İnanç dediğimiz zaman sanırım çoğumuzun aklına dinsel olgular gelecektir. Tanımı üzerinden yola çıkacak olursak aslında çok da farklı bir yere ulaşamıyoruz. Tanrıya inanmak, dine inanmak, insana inanmak, ideolojilere inanmak vb.
Hepsinin temeli bağlılık ve teslimiyet bileşenlerinden oluşuyor. Ama asıl gelmek istediğim yer düşünsel ve davranışsal inançlar.

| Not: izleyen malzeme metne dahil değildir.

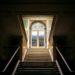 A bright stairwell contrasts with a dark room in the Palace of Versailles.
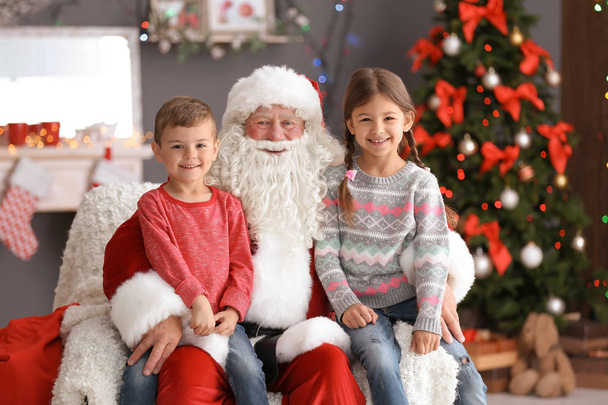 Little children sitting on authentic Santa Claus' knees indoors - Foto, afbeelding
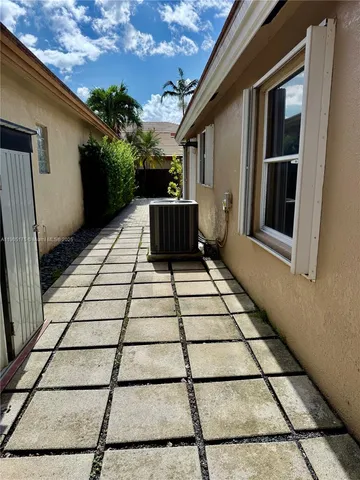 a view of a entryway door front of house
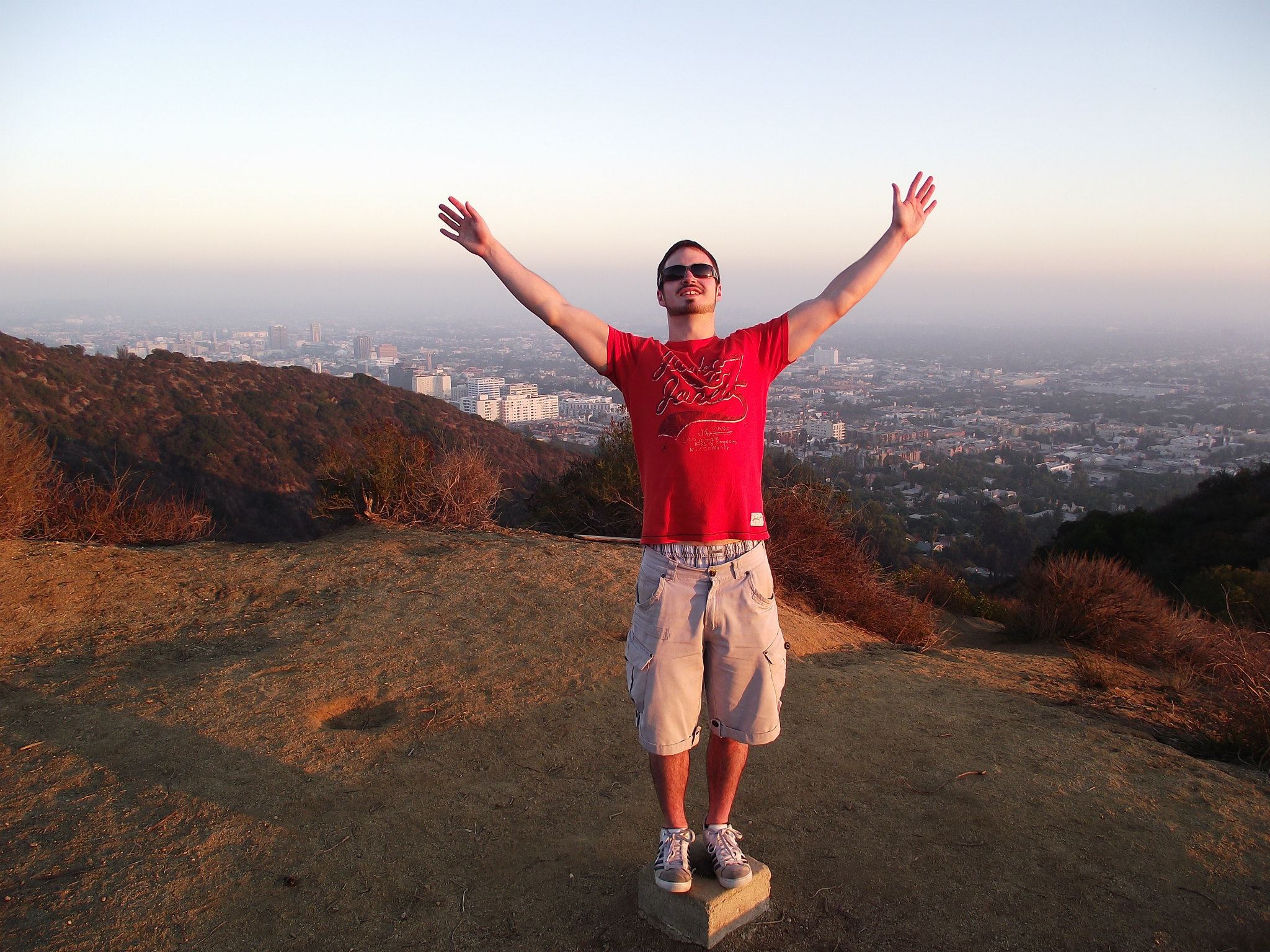 Man with beard in orange t shirt standing in the hills on the edge of LA
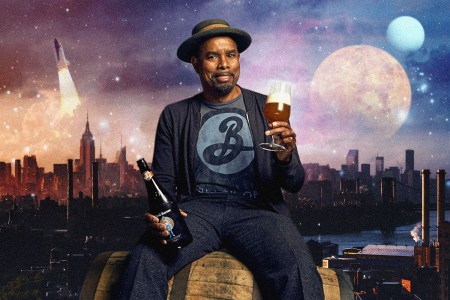Garrett Oliver of Brooklyn Brewery holds a glass of beer while seated on a cask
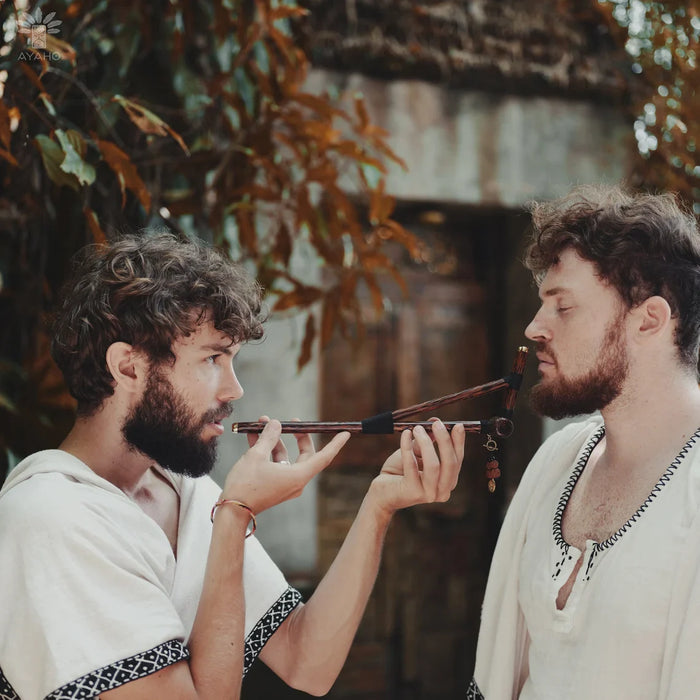 Two men in historical attire playing a flute outdoors.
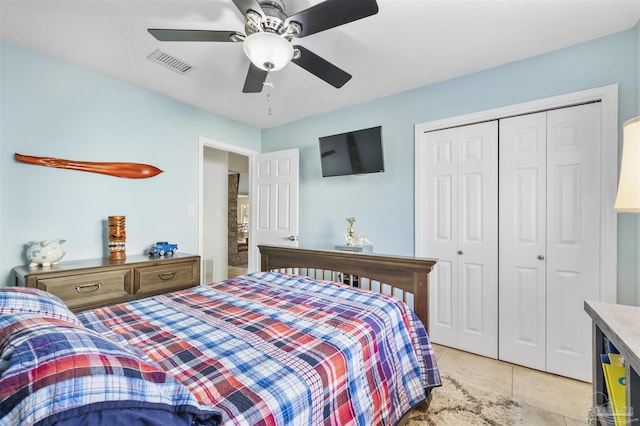 tiled bedroom with ceiling fan and a closet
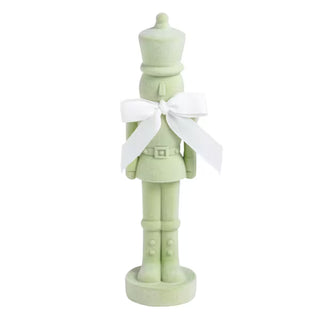 Mud Pie green flocked nutcracker sitter with cotton bow at neck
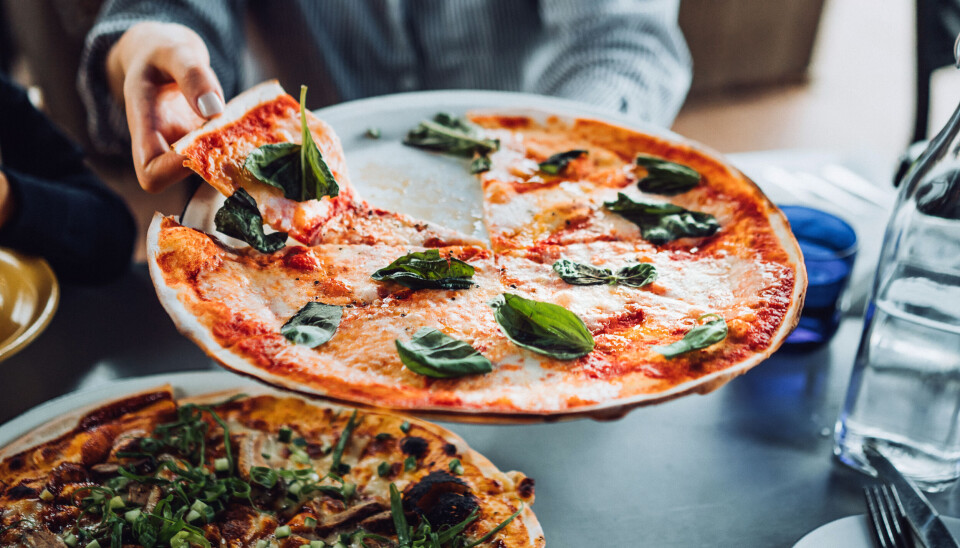En person tager et stykke af en margaritha pizza på en restaurant.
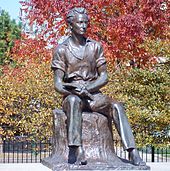 Uma estátua de Lincoln jovem sentado em um toco, segurando um livro aberto em seu colo
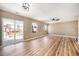 A large living room featuring hardwood floors, a sliding glass door, and a modern ceiling fan at 817 Pintail Ave, Brighton, CO 80601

Yaşam düz bir çizgi gibi akmıyor. Kimi zaman olumsuz durumlar yaşanabiliyor ve engeller çıkabiliyor. 6 Şubat tarihinde Kahramanmaraş merkezli yaşanan ve ülkemizde 10 ili etkileyen deprem gibi.
Olaylardan sonra genellikle bunların sebebi aranıyor.

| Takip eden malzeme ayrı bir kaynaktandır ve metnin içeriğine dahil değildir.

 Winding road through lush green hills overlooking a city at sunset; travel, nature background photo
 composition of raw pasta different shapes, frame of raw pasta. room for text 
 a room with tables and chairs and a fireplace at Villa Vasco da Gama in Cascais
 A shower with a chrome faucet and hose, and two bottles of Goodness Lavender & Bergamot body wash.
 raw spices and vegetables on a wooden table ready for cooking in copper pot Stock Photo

Niye hep benim başıma geliyor?
Ne kadar bahtsız bir insanım.
Gibi soruları tekrar ederiz. Genellikle sorumluluğun yükleneceği birileri bulunur. Bazen bir kaçış, bazen rahatlamak için. Her şeyin iyi ve güzel olması adına plan yapar ve çok çalışırız. Sonuçların da beklentimizi karşılamasını isteriz.
Bilinç ve bilinçaltı kontrolümüz dışında çatışma içindedir. Bilinç yapısını bilgisayar, cep telefonu gibi elektronik cihazların işletim sistemi gibi düşünebilirsiniz. İçeriye attığımız bilgiler kararlarımızı vermekte ve yaşam mücadelemizde yardımcı olabilecek etkenlerdir. Belli bir yaşa kadar genellikle çevresel faktörlerin etkisinde kalıyoruz. Sürekli kayıt yapan beynimiz gördükleriniz ve duyduklarınıza bağlı olarak direnç üretebiliyor. Bu direnç bazen sizi güçsüz, bazen teslimiyetçi, bazen haklı, bazen de bildiğim bildik rolüne sokabilir. İşin en tuhaf tarafı da tüm bu süreçte bilinçaltının farkına varılamaması. Çünkü bilincinizde canlı olan birçok şey aslında bilinçaltından doğabiliyor.
İlk önce oyunun kurallarını öğrenmelisiniz, sonra da herkesten iyi oynamayı.
Einstein
İçimiz sıkıldığında başımıza bir olumsuzluk geleceği, çok güldüğümüzde üzücü bir şey yaşanacağı gibi düşünceleri ya başımıza geçmişte böyle bir şey denk geldiği için ya da çocukluğumuzdan bugüne maruz kaldığımız çevresel faktörlerle oluşturuyoruz. Bu tip inançlara bağlılık bilgiyi ve yeniliği kabul etmemektedir. Zihnimiz algıladığına göre düşünce ve davranış modeli sergilediği için ya doğru anlaşılamayan ya da sürekli bir şeyler ile çatışan bir insanlarla karşı karşıya kalırız.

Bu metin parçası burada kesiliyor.